Kevin Ollivier kevino at theolliviers.com
Sat Feb 4 04:14:18 CET 2006


Hi Bill,

On Feb 3, 2006, at 4:33 PM, Bill Northcott wrote:

> Hi Kevin
>
> On 04/02/2006, at 11:08 AM, Kevin Ollivier wrote:
>>> As I read the Opengroup document, Posix 200112L and Xopen 600  
>>> have been converged.  Older standards would not be the same and  
>>> certainly older versions of Xopen might have strcasecmp and  
>>> friends in string.h.  OTOH higher versions are undefined.  So it  
>>> would not be right to assume the code should work under them.   
>>> That was my take but it may be quite wrong.
>>
>> My concern is that while you're right that we can't assume that  
>> the code should work for new versions, neither can we assume it  
>> won't, so I'd prefer a solution that is guaranteed to work even if  
>> these values change. IMHO, even if we need to write a OS X-only  
>> configure test to properly set HAVE_STRCASECMP_IN_STRING_H, I'd  
>> rather go that route, because strings.h handles both scenarios  
>> (with or without the define) correctly and likely will continue to  
>> do so in the future.
>
> I quite agree that it would be best to have a solution guaranteed  
> to work in the future.  However, the standard makes it very clear  
> that these sort of behaviours may change in the future.  So it not  
> possible to use something like _XOPEN_SOURCE >= 600 with any  
> confidence.

While that argument may be theoretically true, on OS X Tiger, in  
practical terms, the value of _XOPEN_SOURCE, or even it's definition,  
doesn't matter for our purposes; the tests we need to concern  
ourselves with are all for _POSIX_C_SOURCE, and in addition, the  
tests for that in string.h and math.h simply check to see if it is  
defined. Thus, your test will do the wrong thing in cases where  
_POSIX_C_SOURCE is defined to 1, or any other value, but  
_XOPEN_SOURCE is not defined, or _XOPEN_SOURCE is defined to any  
other value than 600 (because _POSIX_C_SOURCE will be defined  
anyways). Not only in the future, but also in the present, we could  
very possibly run into cases that will break your proposed header fix.

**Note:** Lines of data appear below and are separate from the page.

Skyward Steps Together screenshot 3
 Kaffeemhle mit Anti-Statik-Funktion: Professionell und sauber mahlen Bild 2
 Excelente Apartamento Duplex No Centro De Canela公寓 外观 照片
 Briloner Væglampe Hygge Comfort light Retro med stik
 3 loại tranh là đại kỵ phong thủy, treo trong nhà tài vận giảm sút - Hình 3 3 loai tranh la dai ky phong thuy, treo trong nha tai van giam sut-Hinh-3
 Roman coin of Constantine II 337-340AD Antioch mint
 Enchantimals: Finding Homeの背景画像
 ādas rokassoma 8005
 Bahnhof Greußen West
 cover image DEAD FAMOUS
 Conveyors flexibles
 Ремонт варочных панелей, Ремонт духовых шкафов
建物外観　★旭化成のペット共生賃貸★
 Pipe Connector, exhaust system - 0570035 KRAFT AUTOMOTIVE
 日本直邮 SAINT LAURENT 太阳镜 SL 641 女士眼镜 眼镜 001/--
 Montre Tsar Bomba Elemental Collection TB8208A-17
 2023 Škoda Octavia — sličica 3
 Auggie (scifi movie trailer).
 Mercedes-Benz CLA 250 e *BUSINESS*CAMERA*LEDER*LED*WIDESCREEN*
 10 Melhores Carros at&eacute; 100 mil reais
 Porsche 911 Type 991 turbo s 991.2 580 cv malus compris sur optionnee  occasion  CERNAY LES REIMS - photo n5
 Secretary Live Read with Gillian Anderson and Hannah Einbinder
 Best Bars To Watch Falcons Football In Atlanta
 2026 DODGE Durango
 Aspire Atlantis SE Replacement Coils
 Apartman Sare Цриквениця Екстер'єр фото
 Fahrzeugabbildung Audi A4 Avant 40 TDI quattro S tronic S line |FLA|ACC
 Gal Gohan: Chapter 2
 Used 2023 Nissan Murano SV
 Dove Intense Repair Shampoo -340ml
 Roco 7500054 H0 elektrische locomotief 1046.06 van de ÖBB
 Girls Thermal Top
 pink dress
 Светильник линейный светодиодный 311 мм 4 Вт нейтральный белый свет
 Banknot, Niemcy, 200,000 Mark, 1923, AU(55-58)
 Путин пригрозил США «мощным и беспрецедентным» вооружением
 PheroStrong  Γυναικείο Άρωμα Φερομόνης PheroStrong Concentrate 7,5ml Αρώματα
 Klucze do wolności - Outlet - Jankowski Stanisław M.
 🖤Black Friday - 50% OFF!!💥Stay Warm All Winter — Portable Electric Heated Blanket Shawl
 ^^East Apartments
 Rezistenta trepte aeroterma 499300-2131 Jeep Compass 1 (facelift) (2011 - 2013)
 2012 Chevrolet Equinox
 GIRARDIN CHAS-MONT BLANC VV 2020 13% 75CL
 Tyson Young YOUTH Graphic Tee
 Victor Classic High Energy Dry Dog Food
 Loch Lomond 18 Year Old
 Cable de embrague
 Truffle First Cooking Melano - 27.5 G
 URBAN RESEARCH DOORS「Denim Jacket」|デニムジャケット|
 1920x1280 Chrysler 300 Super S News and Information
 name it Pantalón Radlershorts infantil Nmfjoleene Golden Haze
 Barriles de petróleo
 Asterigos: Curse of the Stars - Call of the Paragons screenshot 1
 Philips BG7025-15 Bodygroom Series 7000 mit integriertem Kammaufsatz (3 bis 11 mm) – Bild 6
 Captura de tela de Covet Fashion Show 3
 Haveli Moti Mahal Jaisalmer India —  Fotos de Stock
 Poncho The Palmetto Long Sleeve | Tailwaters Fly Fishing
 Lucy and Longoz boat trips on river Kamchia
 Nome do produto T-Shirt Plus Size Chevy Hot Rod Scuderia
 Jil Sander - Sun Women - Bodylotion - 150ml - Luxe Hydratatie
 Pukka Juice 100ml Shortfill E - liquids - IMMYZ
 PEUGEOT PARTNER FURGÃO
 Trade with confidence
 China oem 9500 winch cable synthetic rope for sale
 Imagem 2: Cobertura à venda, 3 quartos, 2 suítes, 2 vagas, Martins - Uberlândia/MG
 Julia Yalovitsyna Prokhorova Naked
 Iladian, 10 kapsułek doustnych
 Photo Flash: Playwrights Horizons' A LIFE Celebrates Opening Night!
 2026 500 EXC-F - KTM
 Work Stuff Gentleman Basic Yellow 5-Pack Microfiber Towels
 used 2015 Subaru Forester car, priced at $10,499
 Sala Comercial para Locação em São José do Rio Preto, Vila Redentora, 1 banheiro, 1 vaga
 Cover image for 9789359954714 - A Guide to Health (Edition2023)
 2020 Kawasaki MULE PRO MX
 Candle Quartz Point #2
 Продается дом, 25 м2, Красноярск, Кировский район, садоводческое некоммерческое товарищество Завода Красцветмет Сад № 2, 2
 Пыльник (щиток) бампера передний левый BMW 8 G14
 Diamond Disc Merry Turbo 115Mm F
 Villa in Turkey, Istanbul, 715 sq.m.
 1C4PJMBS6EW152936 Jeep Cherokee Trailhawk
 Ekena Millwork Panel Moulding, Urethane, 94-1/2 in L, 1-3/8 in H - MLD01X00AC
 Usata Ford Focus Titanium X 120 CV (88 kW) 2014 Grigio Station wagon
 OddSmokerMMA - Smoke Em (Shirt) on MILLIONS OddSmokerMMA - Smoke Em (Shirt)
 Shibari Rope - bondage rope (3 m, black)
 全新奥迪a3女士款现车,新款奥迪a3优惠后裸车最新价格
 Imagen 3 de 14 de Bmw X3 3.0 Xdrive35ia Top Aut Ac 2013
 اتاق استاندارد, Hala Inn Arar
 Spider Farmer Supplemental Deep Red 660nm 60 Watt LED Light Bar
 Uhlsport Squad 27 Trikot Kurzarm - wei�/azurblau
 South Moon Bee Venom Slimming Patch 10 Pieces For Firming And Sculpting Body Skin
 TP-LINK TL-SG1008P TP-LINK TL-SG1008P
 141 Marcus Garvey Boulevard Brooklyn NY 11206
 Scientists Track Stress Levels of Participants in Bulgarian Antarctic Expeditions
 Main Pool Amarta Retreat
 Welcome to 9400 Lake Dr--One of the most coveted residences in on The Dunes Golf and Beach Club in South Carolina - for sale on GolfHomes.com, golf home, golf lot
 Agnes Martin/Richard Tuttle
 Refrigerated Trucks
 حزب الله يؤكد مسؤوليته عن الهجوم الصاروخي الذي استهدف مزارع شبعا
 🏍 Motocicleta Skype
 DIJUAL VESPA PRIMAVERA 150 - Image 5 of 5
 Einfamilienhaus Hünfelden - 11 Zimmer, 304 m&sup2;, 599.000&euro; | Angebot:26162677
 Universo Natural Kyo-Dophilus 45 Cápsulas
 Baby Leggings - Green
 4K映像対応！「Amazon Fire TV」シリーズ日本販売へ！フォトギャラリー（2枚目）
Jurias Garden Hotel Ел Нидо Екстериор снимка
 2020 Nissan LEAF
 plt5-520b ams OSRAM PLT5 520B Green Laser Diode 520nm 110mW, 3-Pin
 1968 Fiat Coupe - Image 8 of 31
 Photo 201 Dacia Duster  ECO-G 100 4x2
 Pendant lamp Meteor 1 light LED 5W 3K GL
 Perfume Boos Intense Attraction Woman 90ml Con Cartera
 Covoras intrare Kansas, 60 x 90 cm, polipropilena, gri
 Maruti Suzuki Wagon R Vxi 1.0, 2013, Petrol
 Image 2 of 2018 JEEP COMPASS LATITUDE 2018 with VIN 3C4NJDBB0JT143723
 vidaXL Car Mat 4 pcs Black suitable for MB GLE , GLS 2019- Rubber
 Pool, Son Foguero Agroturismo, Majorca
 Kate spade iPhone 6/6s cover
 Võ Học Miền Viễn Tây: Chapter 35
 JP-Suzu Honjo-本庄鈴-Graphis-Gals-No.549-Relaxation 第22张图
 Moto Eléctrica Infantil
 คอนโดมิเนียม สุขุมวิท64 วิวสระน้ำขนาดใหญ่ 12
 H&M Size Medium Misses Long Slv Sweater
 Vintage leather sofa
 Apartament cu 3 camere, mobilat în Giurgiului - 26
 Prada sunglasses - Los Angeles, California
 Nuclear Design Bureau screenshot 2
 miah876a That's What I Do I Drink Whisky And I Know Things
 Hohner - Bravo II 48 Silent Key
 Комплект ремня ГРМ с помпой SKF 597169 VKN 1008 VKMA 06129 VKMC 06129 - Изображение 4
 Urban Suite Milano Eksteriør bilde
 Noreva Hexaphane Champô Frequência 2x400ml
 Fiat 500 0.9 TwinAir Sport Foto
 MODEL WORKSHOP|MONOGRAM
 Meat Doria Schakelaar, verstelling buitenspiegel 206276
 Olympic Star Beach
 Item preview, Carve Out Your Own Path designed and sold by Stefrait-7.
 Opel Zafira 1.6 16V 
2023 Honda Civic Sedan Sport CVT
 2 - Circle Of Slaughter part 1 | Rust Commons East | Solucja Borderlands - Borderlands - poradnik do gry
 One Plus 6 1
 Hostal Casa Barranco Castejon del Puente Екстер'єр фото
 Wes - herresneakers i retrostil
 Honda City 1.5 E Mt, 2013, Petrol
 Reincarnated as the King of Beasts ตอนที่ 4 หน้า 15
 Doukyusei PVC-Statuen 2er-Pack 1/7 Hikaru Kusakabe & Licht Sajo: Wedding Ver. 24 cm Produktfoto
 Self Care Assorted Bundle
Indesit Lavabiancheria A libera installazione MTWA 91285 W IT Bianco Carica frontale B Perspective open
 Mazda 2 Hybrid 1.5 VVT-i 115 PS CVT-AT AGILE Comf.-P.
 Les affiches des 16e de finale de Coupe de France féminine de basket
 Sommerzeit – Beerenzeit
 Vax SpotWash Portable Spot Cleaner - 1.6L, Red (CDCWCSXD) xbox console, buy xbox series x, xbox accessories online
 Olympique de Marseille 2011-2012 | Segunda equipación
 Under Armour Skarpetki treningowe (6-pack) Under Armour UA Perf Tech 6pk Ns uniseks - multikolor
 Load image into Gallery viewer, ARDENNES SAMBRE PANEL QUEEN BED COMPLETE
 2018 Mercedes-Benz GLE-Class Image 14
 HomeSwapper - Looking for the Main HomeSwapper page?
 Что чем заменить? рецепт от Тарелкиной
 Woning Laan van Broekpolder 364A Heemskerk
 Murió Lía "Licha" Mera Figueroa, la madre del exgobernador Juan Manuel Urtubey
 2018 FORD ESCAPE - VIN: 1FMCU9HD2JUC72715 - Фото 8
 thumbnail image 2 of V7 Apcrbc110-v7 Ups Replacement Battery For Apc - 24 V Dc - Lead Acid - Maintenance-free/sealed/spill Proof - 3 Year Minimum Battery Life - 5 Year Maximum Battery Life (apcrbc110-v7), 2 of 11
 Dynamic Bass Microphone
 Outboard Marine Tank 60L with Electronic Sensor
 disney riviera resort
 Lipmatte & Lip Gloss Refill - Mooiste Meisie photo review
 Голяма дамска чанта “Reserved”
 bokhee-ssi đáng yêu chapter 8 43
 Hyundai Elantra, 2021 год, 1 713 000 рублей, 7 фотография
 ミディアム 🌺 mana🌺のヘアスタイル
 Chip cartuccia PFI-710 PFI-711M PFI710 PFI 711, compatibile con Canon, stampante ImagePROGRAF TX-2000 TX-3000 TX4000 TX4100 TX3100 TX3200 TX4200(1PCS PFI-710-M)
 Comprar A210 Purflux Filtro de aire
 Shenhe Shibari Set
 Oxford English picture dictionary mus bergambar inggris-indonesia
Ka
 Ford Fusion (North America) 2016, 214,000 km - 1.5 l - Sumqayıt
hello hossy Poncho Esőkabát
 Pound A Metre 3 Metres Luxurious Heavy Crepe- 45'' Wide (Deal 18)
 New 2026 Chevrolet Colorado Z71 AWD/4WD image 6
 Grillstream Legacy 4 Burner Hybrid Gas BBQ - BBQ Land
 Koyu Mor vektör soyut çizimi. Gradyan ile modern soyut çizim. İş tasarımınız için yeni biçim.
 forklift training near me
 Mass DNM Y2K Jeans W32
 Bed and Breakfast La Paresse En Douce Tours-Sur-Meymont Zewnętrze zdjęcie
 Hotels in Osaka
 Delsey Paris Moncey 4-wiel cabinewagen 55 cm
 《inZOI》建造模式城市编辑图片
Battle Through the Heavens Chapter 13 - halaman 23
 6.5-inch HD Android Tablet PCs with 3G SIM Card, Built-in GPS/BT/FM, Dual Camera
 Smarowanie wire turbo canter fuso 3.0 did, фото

> As for the autoconf test, IMO it is fundamentally flawed.  I have  
> checked out MacOS X, Tru64 and Solaris and in all cases the  
> operative declaration of strcasecmp() is inside multiple #ifdefs.   
> So it depends on what headers have been included first and in what  
> order.  Autoconf test programs need to be really simple and  
> reliable, which means not having a long list of included headers.   
> Unfortunately without such a list the test, as we see, is not  
> discovering what was intended.
>
> I am at a loss to see how a simple valid test might be constructed,  
> but that may be me being thick.

Well, in most cases, we don't run into problems with this approach,  
meaning that the configure test is 'good enough' in most environments  
in which it is used. So I rather think the best thing to do is to fix  
it when it breaks. In this case, thanks to the Carbon fp.h problem,  
there's really no debate as to what the fix must be - we simply can't  
have _POSIX_C_SOURCE defined for wx on Tiger, so making sure it is  
undefined at the appropriate place should fix the problem.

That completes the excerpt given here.